Paths to a fairer and broader U.S. tax system
Taxing capital is a key way to maintain and increase the progressivity in the U.S. tax system and raise the revenue needed to support government activities and investments that in turn will help ensure strong and sustainable economic growth. Why turn to capital as a source of government revenue? Taxing capital is a highly progressive form of taxation that research suggests does not seriously affect the rate of savings among high-income Americans—an important consideration in terms of encouraging future economic growth—and is a key part of optimal taxation in the United States. Yet the federal tax rate paid on capital income is, on average, relatively low, due to a combination of factors including low existing rates, special tax breaks, and the gaming of the system to avoid paying taxes on capital.
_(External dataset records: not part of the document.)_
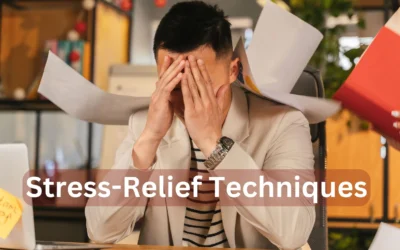 6 Effective Stress-Relief Techniques For Lasting Peace Stress-Relief Techniques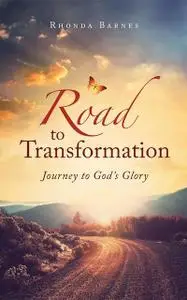 «Road to Transformation: Journey to God's Glory» by Rhonda Barnes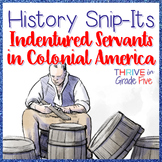 Indentured Servants in Colonial America - History Snip-Its Series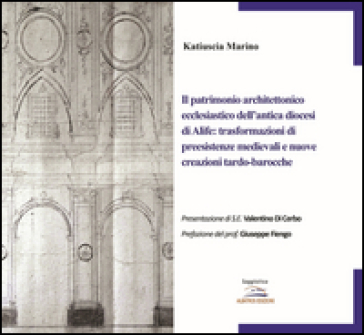 Il patrimonio architettonico ecclesiastico dell'antica diocesi di Alife: trasformazioni di preesistenze medievali e nuove creazioni tardo-barocche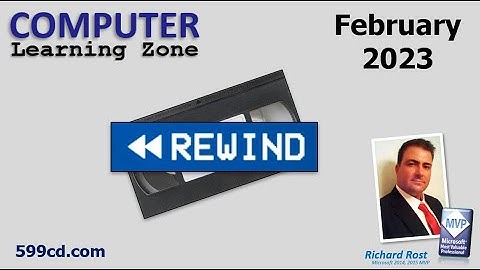 Computer Learning Zone Video Rewind for February 2023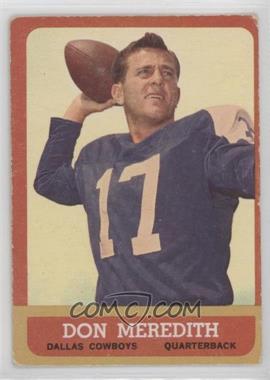 1963 Topps - [Base] #74 - Don Meredith [Good to VG‑EX]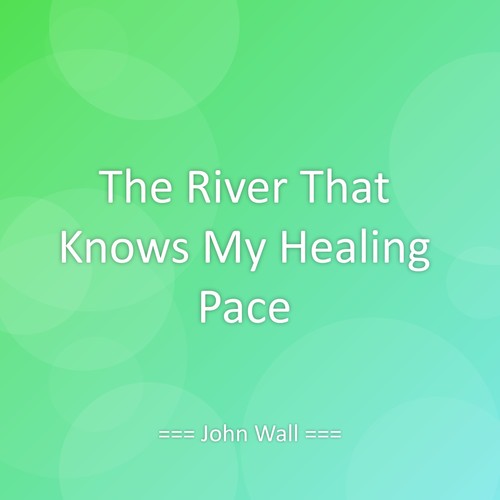 The River That Knows My Healing Pace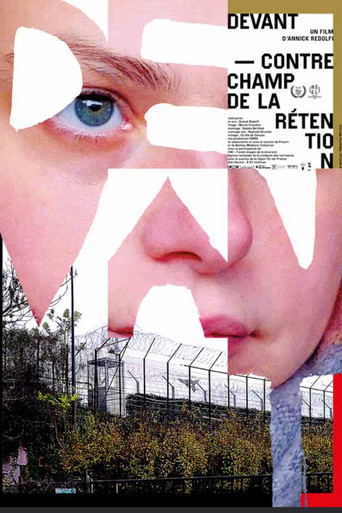 Devant – Contrechamp de la rétention movie poster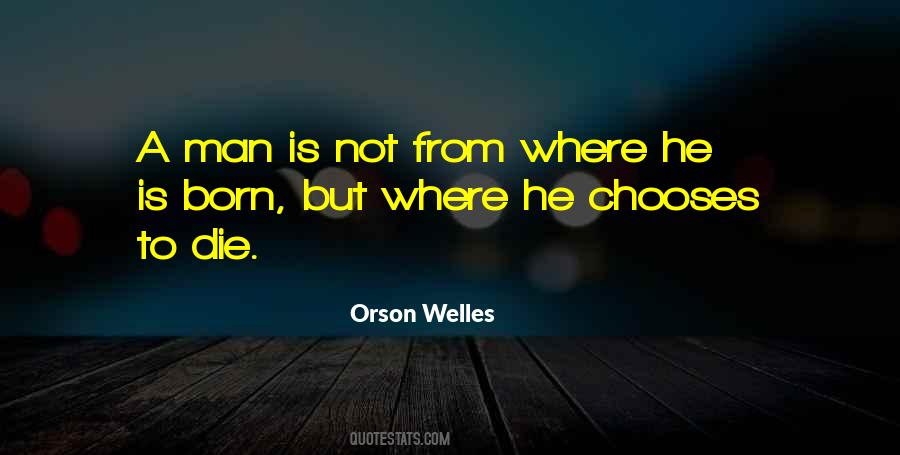 Welles Quotes #22801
This report considers three key areas where the taxation of capital is in need of reform. The report lays out both fundamental reforms and intermediate steps that could be first taken by policymakers.
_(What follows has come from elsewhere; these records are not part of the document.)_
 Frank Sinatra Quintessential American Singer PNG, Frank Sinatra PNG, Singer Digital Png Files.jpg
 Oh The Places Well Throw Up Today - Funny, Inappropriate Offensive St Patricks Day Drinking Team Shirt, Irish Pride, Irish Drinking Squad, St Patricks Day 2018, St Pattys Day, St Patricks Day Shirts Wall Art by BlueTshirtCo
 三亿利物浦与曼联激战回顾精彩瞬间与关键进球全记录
Taxes on gains on property that are too easy to reduce or entirely avoid
The tax system imposes taxes on gains on property—often in the form of capital gains taxes—but these taxes are too easy to reduce or even avoid entirely through relatively simple tax planning. This is because the U.S. tax system combines a realization-based income tax system (taxing gains often only upon sale of property) with elimination of accrued, untaxed gains at death. That makes it relatively easy for property owners to reduce or even eliminate the tax on gains on property by simply holding onto the property.
- Fundamental reforms: Tax capital gains on a mark-to-market basis, at least when it comes to publicly-traded assets, and charge asset holders for the benefit of deferring gains on property. Additional revenue from a proposal such as this has the potential to exceed $1 trillion over the next ten years.
- Intermediate steps: Tax gains on assets upon death or gift, eliminating one of the major tax benefits of continuing to hold property rather than selling it. Additional revenue due to this reform, in combination with a small increase in rates, would be close to $250 billion over the next ten years.
The shifting of corporate profits and corporate residence to avoid taxes
The United States imposes taxes on corporate profits at the entity level, much of which is borne by capital. But those taxes are too easily avoided by large multinational corporations, both through tax planning and movement of actual economic activity. There are two distinct problems with these taxes: They depend in part on what corporations report as their “source” of profits; and in part on whether the corporations are “resident” in the United States.
- Fundamental reforms: Change how the location of profits is determined by switching from a system focused on the “source” of the product or service that generates profits to the “destination” of the product or service—since destination of sales can be harder to manipulate. And shift more of the burden of capital taxation—perhaps especially the ordinary returns to capital—to the shareholders of corporations and away from the entity itself, since the residence of the owners is less likely to be sensitive to tax rates. It is possible that a reform such as this could be designed to raise many hundreds of billions of dollars more over the decade—and more efficiently, fairly, and sustainably than we do now.
- Intermediate steps: A minimum tax on foreign profits; tighten so-called transfer-pricing rules that allow corporations to manipulate where they source their profits, especially with regard to intangible assets such as intellectual property; make it harder especially for foreign-based corporations operating in the country to strip profits out of the United States via interest deductions on debt; and tighten rules on shifting of corporate residence out of the United States. Additional revenue from a package of reforms such as this could raise as much as $400 billion over the next ten years (not even taking into account one-time revenue from the taxation of un-repatriated profits).
Wealth taxes that apply to only a sliver of the population and are too easily avoided
The United States currently imposes a limited wealth tax in the form of the estate and gift taxes, which apply to transfers of wealth between generations. Recent changes have significantly limited estate and gift taxes—both increasing the exemption and reducing the rate. Further, aggressive tax planning allows large estates to escape taxation or significantly reduce their tax bills.
- Fundamental reforms: Adjust the taxation of transfers of wealth between generations by switching the estate tax to an inheritance tax so that the tax applies based on the number of recipients and their economic status rather than the estate. And consider imposing a wealth tax at more regular intervals and not just at the point at which assets are transferred between generations. While still focused on the very top of the wealth distribution, an inheritance tax could be designed to raise several hundred billion dollars over the next ten years, and a moderate wealth tax could potentially raise in the broad range of $1 trillion over the next ten years.
- Intermediate steps: The estate and gift tax should be applied to more wealth transfers and at a higher rate, and rules should be tightened to cut down the opportunities for gaming. Additional revenues due to these reforms would raise more than $150 billion over the next ten years.